Aside from being incredibly annoying, these regulations will have no practical impact because the legislature and governor have apparently failed to consider that anyone might simply decide to design or otherwise customize real firearms to match these specifications.
They have also failed to consider that even if the toy gun is designed to look “less realistic,” it may not matter to law enforcement, who might shoot first and check for colored strips later.
Federal court decides a single DUI is enough to destroy your Second Amendment rights
Earlier this week the Third Circuit Court of Appeals, which covers Delaware, New Jersey, Pennsylvania, and the U.S. Virgin Islands, issued its decision in Holloway v. ATF, concluding that an individual with a single DUI conviction on their record may no longer purchase a firearm.
Raymond Holloway was convicted of an aggravated DUI in 2005 for having a blood alcohol content twice the legal limit. Because the particular statute Holloway was convicted of provides for up to five years imprisonment (despite that virtually never being the sentence), the feds consider it a “serious crime,” one that strips those convicted of their gun rights.
Such a conclusion is absurd given the intent of Congress when it passed the Gun Control Act of 1968, which was aimed at limiting firearms access for violent criminals; why else would Congress have granted an exception for finance-related felonies?
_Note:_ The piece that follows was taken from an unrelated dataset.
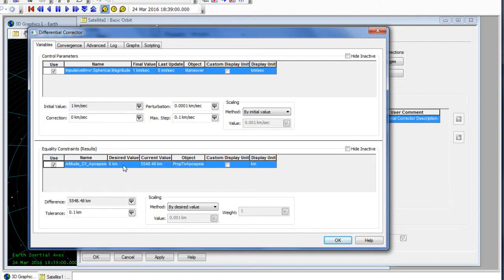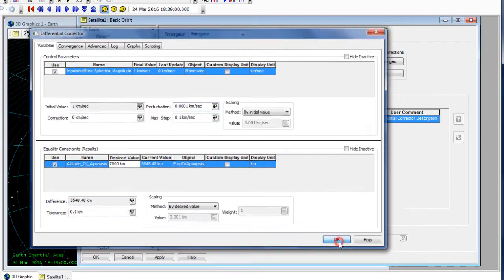We can also double click and define a value for our result. So for our altitude of apoapsis, we can define that to be 7,500 kilometers. We'll leave the default perturbation, max step, and tolerance the same, and select OK.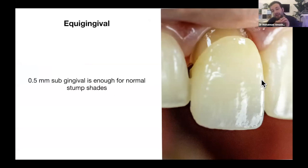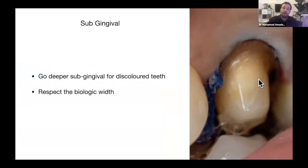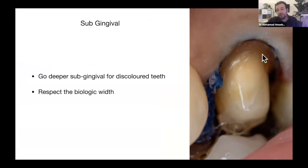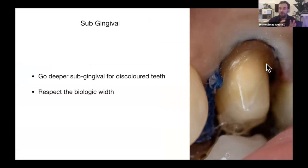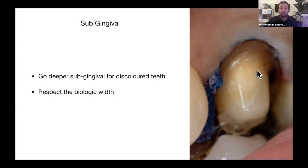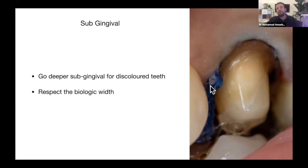Going 0.5 mm below the gingival margin — slightly subgingival — is ideal when you have a nice tooth color, hiding the transition between tooth and ceramic inside the gingiva where nobody can see it. But if you have a heavily discolored tooth, you may need to go deeper — sometimes 1 mm to 1.5 mm subgingival — because the dark tooth can show through the gingiva. Always respect the biologic width.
Can drinking and driving be reckless? Yes. But in and of itself a DUI charge from nearly two decades ago simply cannot be reasonably construed to indicate that an individual intends or is likely to commit violent crimes using a firearm or otherwise cannot be trusted with a gun. It is absolutely unfathomable that a non-violent misdemeanor conviction should deprive someone of their constitutional rights in perpetuity.
Toledo Police Department releases information regarding their ShotSpotter program
Six months ago the Toledo, Ohio Police Department rolled out its ShotSpotter program. ShotSpotter is a sound-receiver system that sends an alert to police when a gunshot is detected within a certain radius.
According to the police, “36 guns have been taken off the streets because of illegal gunfire.” The police also attribute over 50 arrests to the new program, which currently has only one device in one location. As a result of these confiscations and arrests the police chief has expressed interest in expanding the program.
There are a couple of things to unpack here. First, Toledo is an incredibly poor, violent city. As of 2017, 27.8% of Toledo residents live in poverty, and violent crime occurs at a rate of 1,192 per 100,000. The police department is bragging about confiscations and arrests, but the way the program is actually enforced remains unclear.
In other cities where ShotSpotter devices are more widespread, the program’s efficacy has been questioned. The program is also expensive – ShotSpotter charges $65,000 and $90,000 per square mile, and in an 84 square mile city, a program like ShotSpotter will cost Toledo a fortune. But middling efficacy and high cost aren’t the worst features of ShotSpotter.
Programs like these normalize surveillance in densely populated cities, aiding in the creation of a police state at the expense of the taxpayer. When combined with other programs like databasing, video surveillance, and social media monitoring à la the NYPD, the government is able to track the movements of all its subjects, and history has shown that power of this nature is routinely abused.
Matthew Larosiere is the Director of Legal Policy at the Firearms Policy Coalition.